現行法は雇い人の給料と書いているので、非常に狭い意味の狭義の労働者、つまり、雇用契約を結んで給料をもらって働く正社員しか、いわばそのフレームに入ってこないという欠陥があったのではないかということで、そこのところは、やはり、非正規のさまざまなタイプの労働者、例えば今、一人親方のことを言いましたけれども、屋号を持って個人事業主として働いているんだけれども実態は労務提供だというような人たちも含まれてくるんではないかというふうに思いますが、その点はいかがですか。
○房村政府参考人 御指摘のように、現在の民法の雇い人というものは、雇用契約に基づくということに、非常に狭く、限定的に解されていたということから、今回は、使用人あるいは雇用関係という一般的な呼び方をすることによりまして、その実質に着目して、法形式あるいは名称にかかわらず、実質的な雇用関係にあってその労務提供の対価として受ける者である、こういう者を広く保護の対象としたわけでございますので、御指摘のような者も、もちろん具体的事案にはよりますが、入り得るわけでございます。
(これを読むと、房村政府参考人は民法上の「使用人」の解釈として「指揮監督(命令)・使用従属関係・人的従属性は一切必要としない」とまでは言い切っていないのではないか? しかし、確かに、それらが必要だとは言っていないので、実践的には、運動方向としては、「言っていない」ことに着目、注目し、重視していくべきだろう──海野)

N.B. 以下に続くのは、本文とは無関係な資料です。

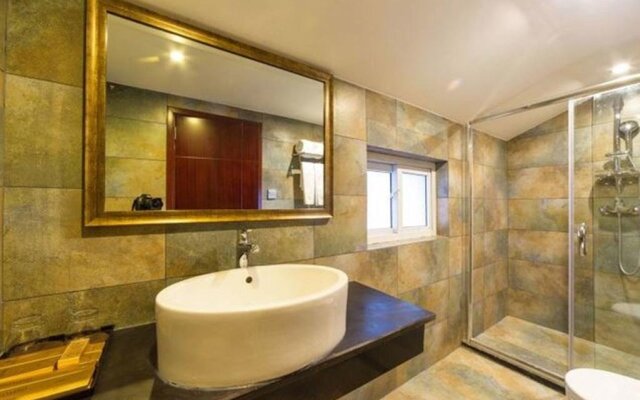 Lijiang Fenghuang Resort Hotel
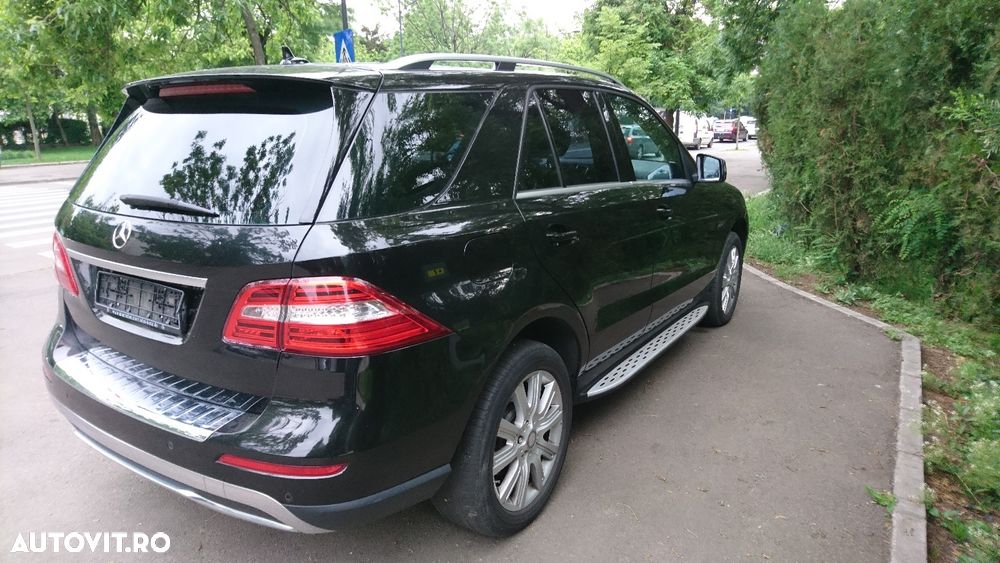 Mercedes-Benz ML 250 BlueTEC 4MATIC 7G-TRONIC - 4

(古川氏の同論文に直接関係しているわけではないのですが、気になっている点を、差し支えない範囲で、以下に記述します)
○ 「労基研報告」の通達化、法律化
「労基研報告」の通達化、法律化については、主として次の理由から不安を感じています。
労働債権化の運動の過程で、「労基研報告」を前提にしながらも、労働者性、実体としての労働者との関係で、それを前進、発展させるようななかみ、世界を形成してきていることとの関係で、「労基研報告」の通達化、法律化は手枷足枷として機能しかねない。
「労基研報告」は、総合して判断としながらも、労働者性は一定程度、指揮監督(命令)・使用従属関係等を含んでいるとの構造になっている。
○ 各種の非正規雇用を認める方向への法律の改変
建設産業の重層下請構造をなくし、直接雇用にし、正規雇用の全体化をめざす立場から言えば、各種の非正規雇用を認める方向へ法律を改変し、法律を崩すことはやるべきではないと思います。労働者性の確立の課題でも、この点との整合性に注意すべきだと感じています。